Q. Nine days away from the opener. Is this team ready to go, as in they’re sick of practicing and they just want to get out there already? Or where are they mentally?
COACH KELLY: They do exactly what I ask them to do. Look, down deep, we are physically coming back from the two weeks of, you know, preparation. So from a physical standpoint, our legs are coming back. We’re moving faster. You know, if you came out and saw us Saturday compared to today, you’d see us moving a lot quicker on the field than we were on Saturday.

We’re mentally at that point where we want to go play someone else mentally, but we understand the importance of good work as well. So I’m agreeing with your question that our guys mentally want to play somebody else, but they still know the importance of the work that we’re getting day in and day out.

Q. Coach, will you be disappointed if I don’t ask an injury question?
COACH KELLY: You got trumped. You got trumped.

Q. I did. Kind of got scooped there.
COACH KELLY: You did. That’s all right, though.

Q. I’m going to ask first about kicking and punting. How did that competition end up?
COACH KELLY: That’s a very good question. We’re going to use all of them. I think Nick Tausch, Kyle Brindza, Wulfeck, all three are going to play against Temple. At what time and what place, I’m not sure yet how that’s all going to play out.

We’ve asked Kyle Brindza to be our punter. Okay. And we’ve asked him to spend a lot of time and effort in doing that. So he’s going to get the first shot at punting. I really think he can be an All American punter. He may not be there yet, and we’re going to have some growing pains there.

But we have a guy in Wulfeck that can get us out of some jams. He’s really consistent. He’s going to get us great hang time, and he’s going to put us in some good positions. He’s not going to flip the field position, but he’s going to keep us in good position. So he’s going to help us as well.

Nick’s had a great camp. He has. I mean, if statistically, numbers wise, he’s kicked the ball, and we’ve charted every kick. His numbers have been great. I didn’t bring Nick back not to give him a chance to win the job. It just wouldn’t be fair. We’d just tell him, listen, go find another place.

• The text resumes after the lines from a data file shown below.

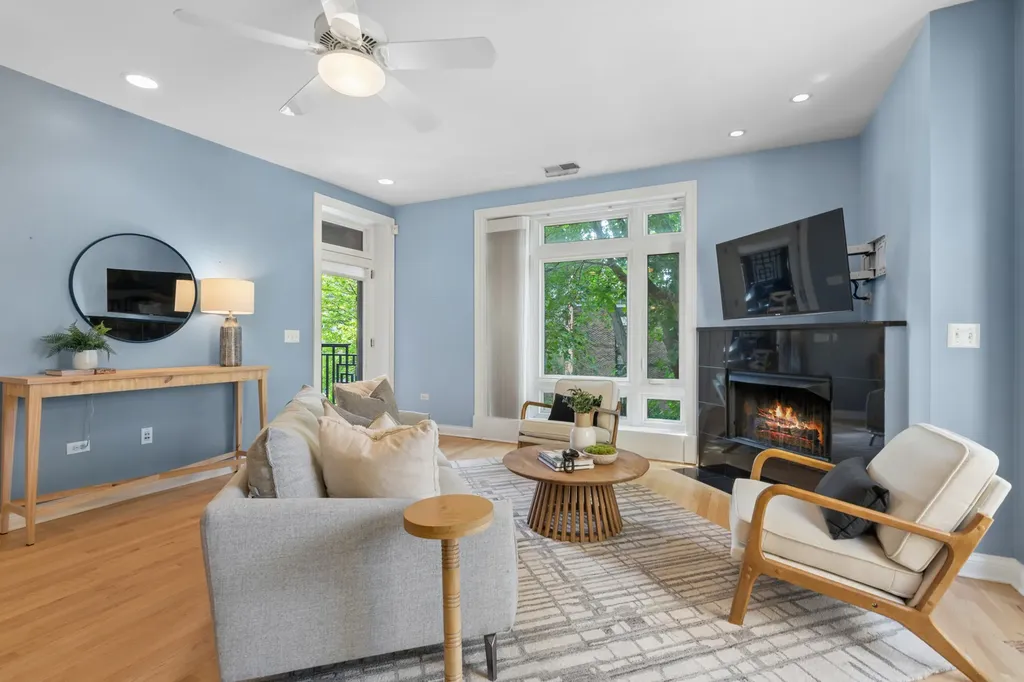 640 West Barry Avenue Chicago IL 60657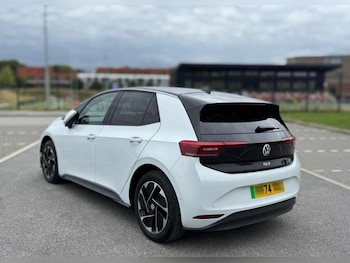 Used Volkswagen ID.3 2024 for sale - 76436436: Photo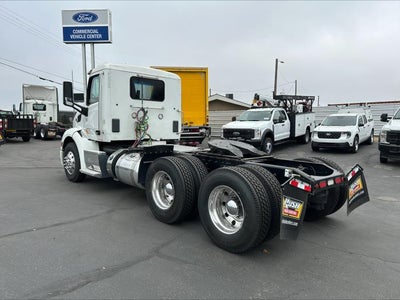 2019 Peterbilt 579 Base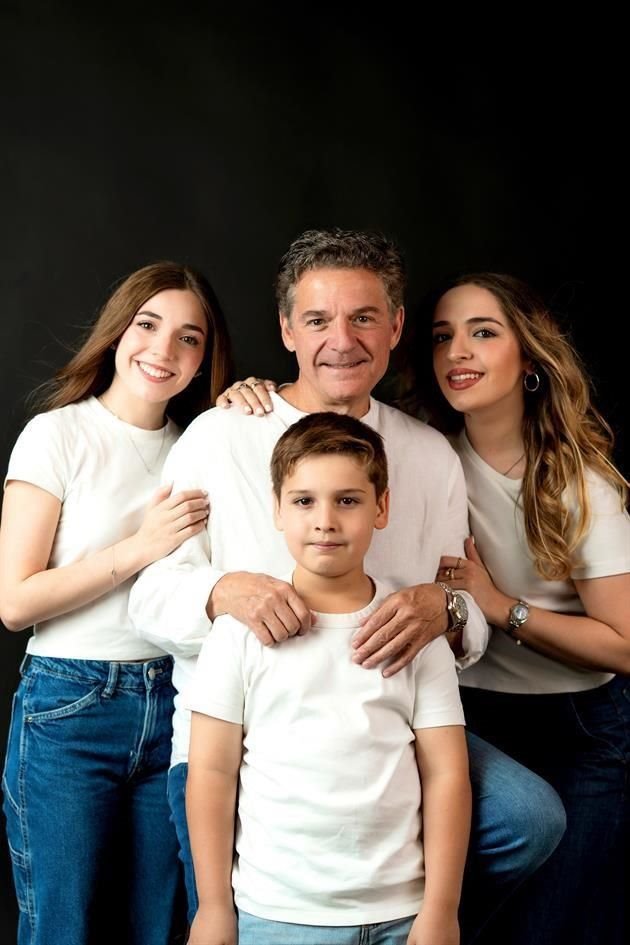 Rodrigo Zambrano Cabrera con Raquel, Mariel e Isaac Zambrano Maiz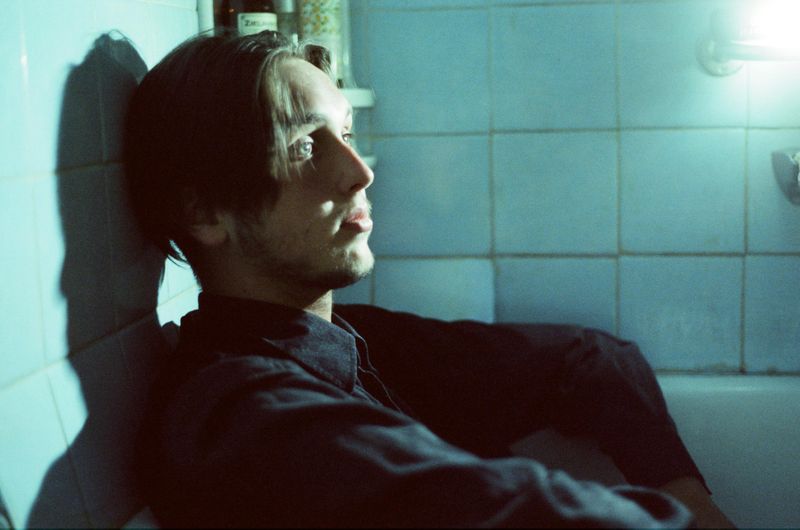 10 Traits of People Who Don't Overshare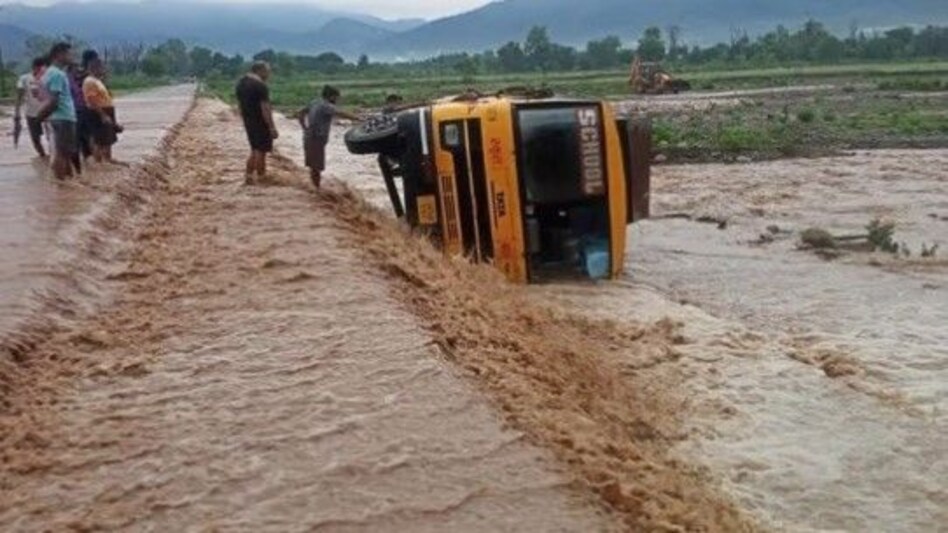 Uttarakhand Bus : चंपावत के किरौड़ा नाले में बही स्कूल बस, दो लोग घायल Uttarakhand Bus : चंपावत के किरौड़ा नाले में बही स्कूल बस, दो लोग घायल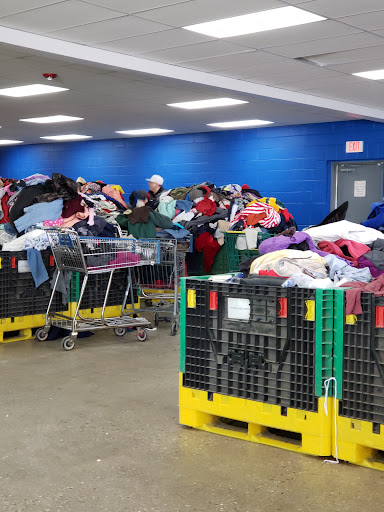 Thrift Store «St. Vincent de Paul Dig & Save Outlet», reviews and photos, 1900 S Park St, Madison, WI 53713, USA
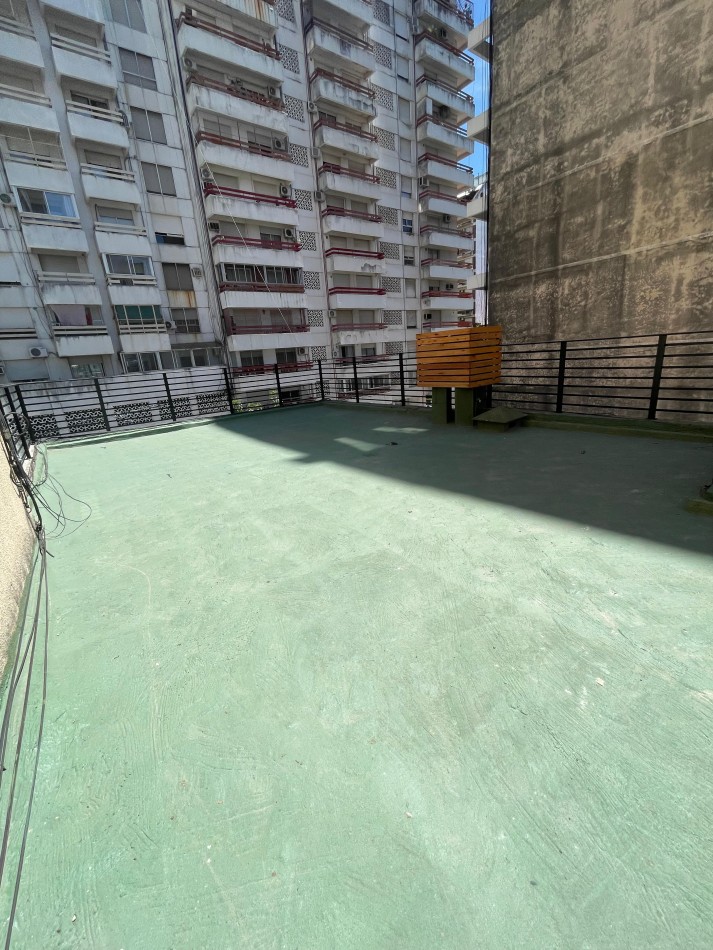 EN VENTA. Depto 3 dormitorios en planta alta con ingreso exclusivo. mitre 1733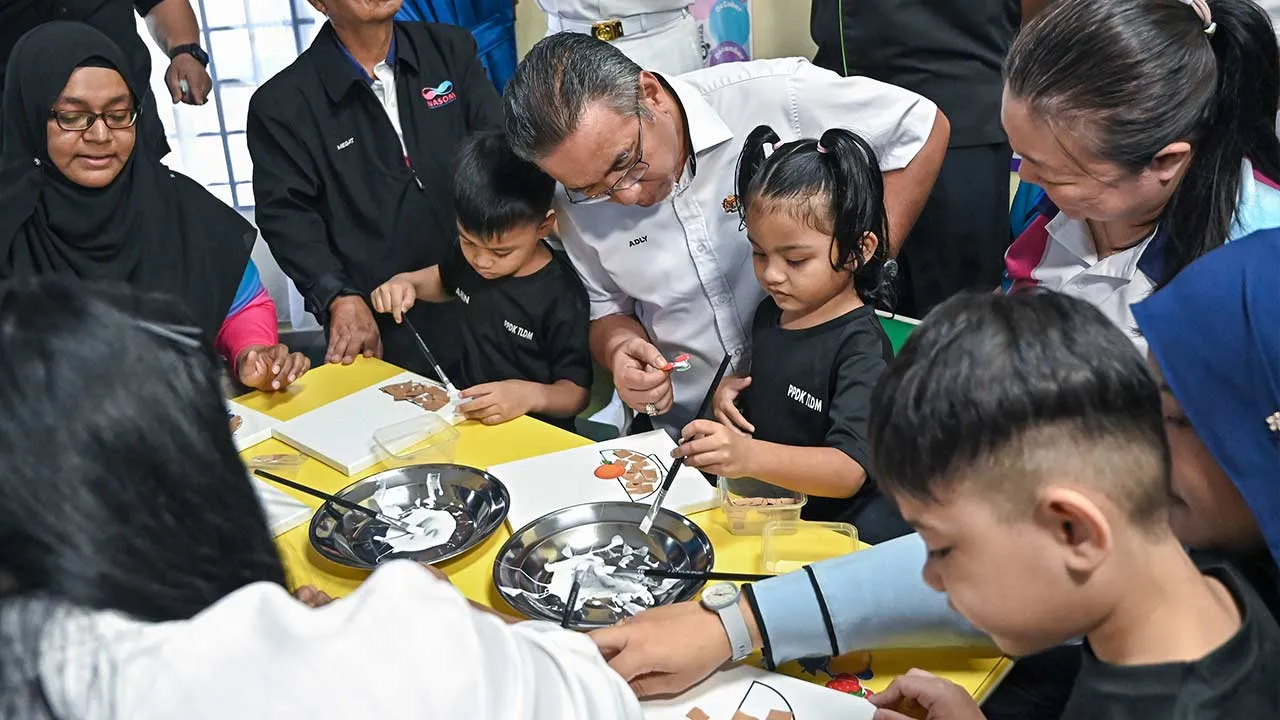 LUMUT, 7 April -- Timbalan Menteri Pertahanan Adly Zahari menyantuni anak-anak autisme ketika merasmikan Program Ikhtiar Autisme Angkatan Tentera Malaysia (IA-ATM) di Pusat Pemulihan Dalam Komuniti (PPDK) Lautan Kasih Pangkalan TLDM di sini hari ini.  --fotoBERNAMA (2026) HAK CIPTA TERPELIHARA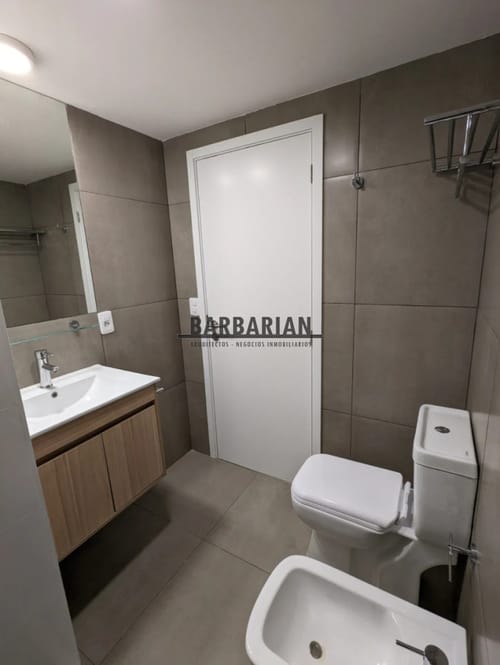 ALQUILER MONOAMBIENTE CON PATIO EN CORDÓN! · Photo 3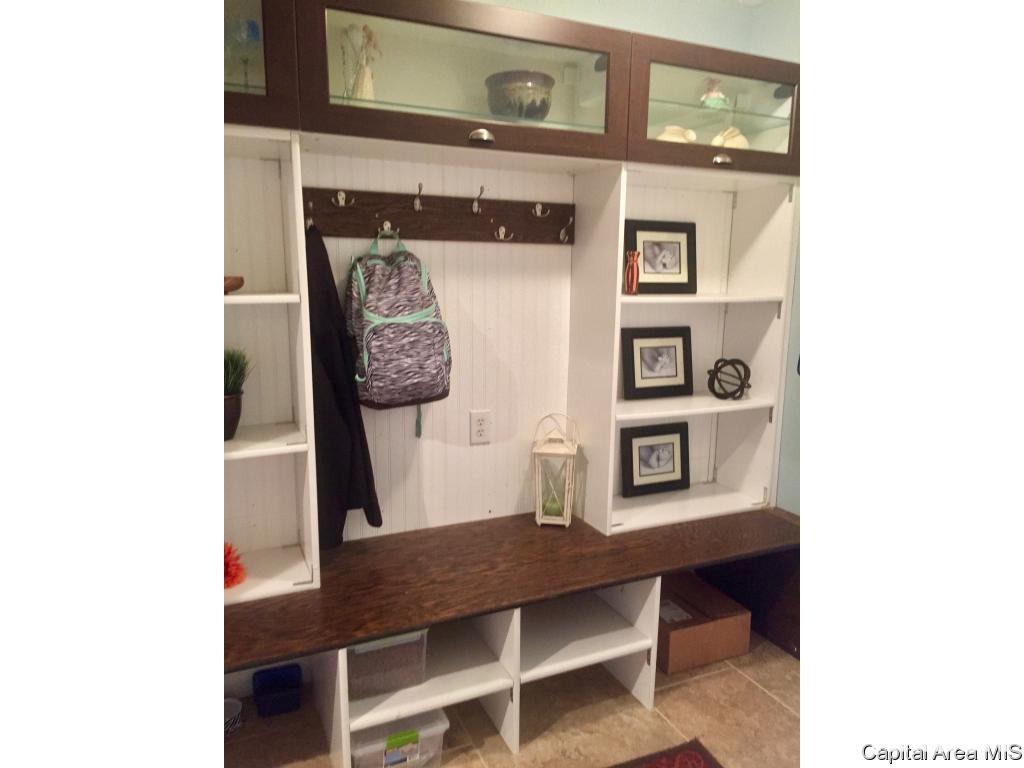 807 West Washington Street Athens, IL 62613 - Photo 15 of 36 Gallery Image 15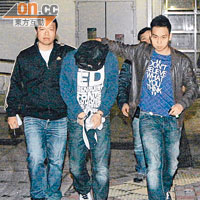 涉瘋狂駕駛司機被警員押返九龍城警署扣查。（蘇仲賢攝）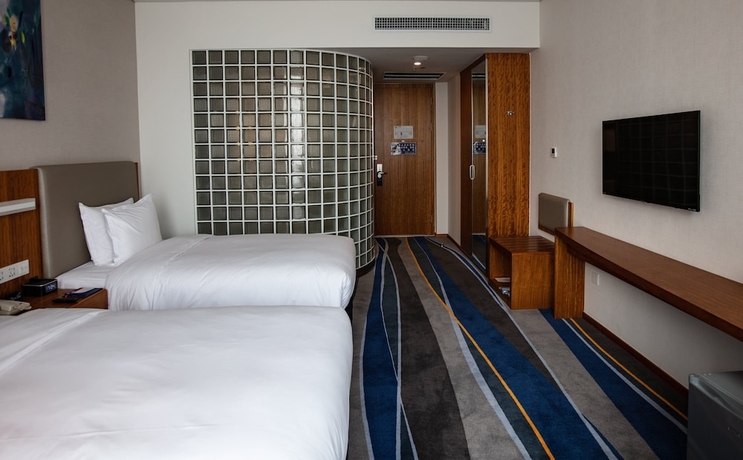 Imagen de la habitación del Hotel Holiday Inn Express Luoyang Xiyuan. Foto 14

Having said that, Kyle’s been a bit distracted because we’ve asked him to put all this time and energy in punting. So what we’re going to do is we’re going to go into the first game, I’m going to give Nick an opportunity to kick. Kyle’s going to kickoff, okay, because he’s won that clearly. He’s going to punt, and we’re going to use the Temple game to get all three of them some action, and then we’ll make a decision in game two as to where we are.

Q. You mentioned some of the things about Tommy Rees with his attitude, what’s different with that, and off the field and all that. Maybe the assessment of him is unfair. I think a lot of people thought that there were physical limitations that contribute to him maybe not having big numbers in 2011. Do you feel comfortable with what he’s able to do physically from a deep throw standpoint, from a footwork standpoint?
COACH KELLY: I do. I do. He can do the things that we want him to do in terms of pushing the ball down the field vertically. He doesn’t have the arm strength that Everett Golson does, but if he’s on time, if he’s reading it properly, if he’s doing all the right things, he can get the ball to exactly where we need him to get it.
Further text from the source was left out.